Das Modejahr 1946 Mode – Dior setzt auf die Zukunft

Noch drehte sich in Deutschland alles um die Beseitigung der Trümmer, den Wiederaufbau und um die bessere Versorgung der Bevölkerung. Die Geschäfte auf dem Schwarzmarkt gediehen. Die Händler, die legal Waren verkauften, kämpften um ihre Existenz. Es gab ohnehin nur wenige. Die Befreier waren zu Besatzern geworden und hatten Deutschland in vier Zonen eingeteilt, die amerikanische, die französische, die englische und die sowjetische Zone. In jeder dieser Zonen wurde die Versorgung etwas anders gehandhabt.
Am schlimmsten für die Menschen waren die Obdachlosigkeit und die Lebensmittelknappheit. Zu all dem kam der verheerende Winter 1946/1947, der als Hungerwinter in Erinnerung blieb. Da gerieten die modischen Bedürfnisse weit in den Hintergrund, verschwunden waren sie jedoch nie. Denn jede Frau wollte ein bisschen besser als die andere aussehen und auch das Bedürfnis, tanzen zu gehen und fröhlich zu sein, wurde zunehmend stärker, je schlechter es den Menschen ging. Und das im Frieden.

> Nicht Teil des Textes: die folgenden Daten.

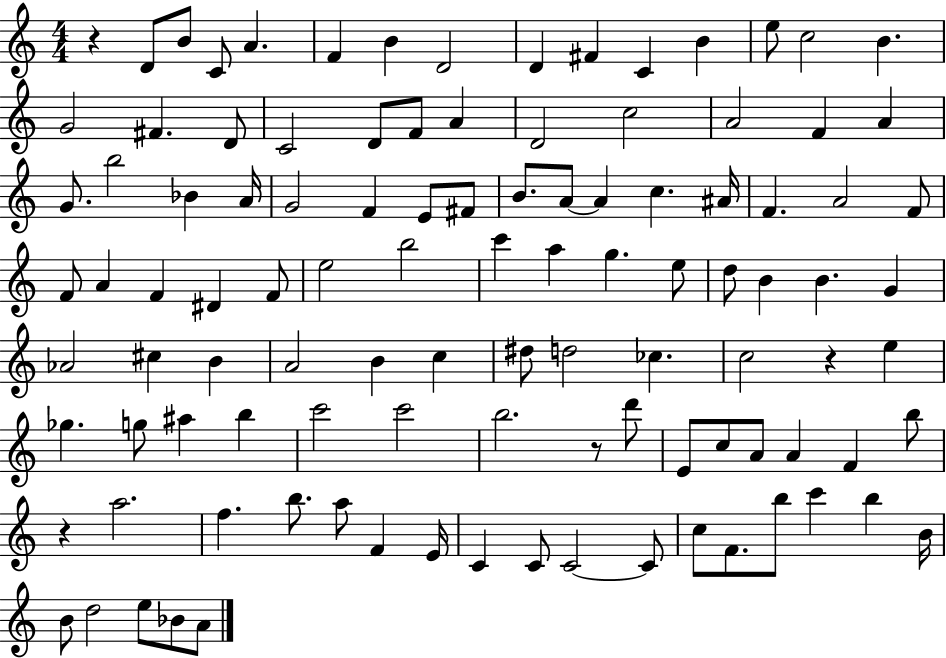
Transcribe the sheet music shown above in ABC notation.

In Frankreich machte unterdessen eine Erfindung der Bademode Furore: der Bikini. Louis Réard hatte diesen kleinen Zweiteiler nach dem Pazifikatoll benannt, doch nicht, weil es dort so schön war. Im Gegenteil. Das Atoll wurde von den USA für Atombombenversuche genutzt. Mit der Namensgebung betonte Réard das Sensationelle seiner Kreation. Ein wirkungsvoller Werbe-Einfall. Geschmacklos oder genial? Jedenfalls ging der Name in die Modegeschichte ein und blieb dort.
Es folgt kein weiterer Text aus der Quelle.